For the record, I got the impression from RBIL that the above method might work on EGA and possibly earlier video standards too.
I had a go at this and it seems to work, if you're interested:
doshea wrote on 2024-04-16, 04:10:
Alternatively, http://www.scs.stanford.edu/10wi-cs140/pintos … /vga/vgamem.htm says:
The first element that defines this mapping is whether or not the VGA decodes accesses from the CPU. This is controlled by the RAM Enable field. If display memory decoding is disabled, then the VGA hardware ignores writes to its address space.

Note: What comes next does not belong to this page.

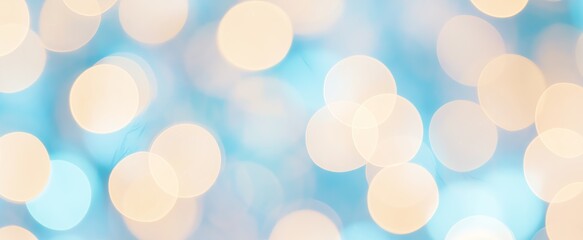 Bright holiday bokeh with hot yellow lights blurred on teal blue background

It seems like this might not be supported in emulation much, if that's something you care about:
- it doesn't work in DOSBox 0.74-3
- it doesn't work in QEMU 6.1.0
- from looking at the source of Bochs 2.7.0, it ignores the field, so I didn't try running it in Bochs
Maybe PCem or 86Box would emulate this since they have more accurate hardware emulation.
I tried it out on a real machine with an Intel 865G chipset, which I guess is reasonably old now so hopefully it's still a reasonably accurate VGA implementation, and it did stop the text on the screen from being updated, but the cursor still moved around (I was just typing commands at a prompt here) which looks a bit silly! 😁 I suppose there are tools you can use to make the cursor invisible to work around this, or that could potentially be combined into the same utility.
It seems like if you turn off RAM Enable when the cursor is near the top of the screen, generate say 5 lines of output, then turn RAM Enable back on again, since the cursor has moved down the screen, any further output will appear 5 lines down, with 5 blank lines in between. If you generate more than 25 lines of output, then when you turn RAM Enable back on again, the cursor will be at the bottom of the screen. I guess that to stop your prompt appearing part way down the screen - or at the bottom - with a lot of blank space above it, you might need to CLS before you turn RAM Enable back on (not to actually clear the screen but to move the cursor up). It might be possible to figure out a combination of steps that makes things look okay though. Perhaps you could even output some ANSI art splash screen before turning off RAM Enable.
If you or anyone is interested I can put source and binaries on GitHub.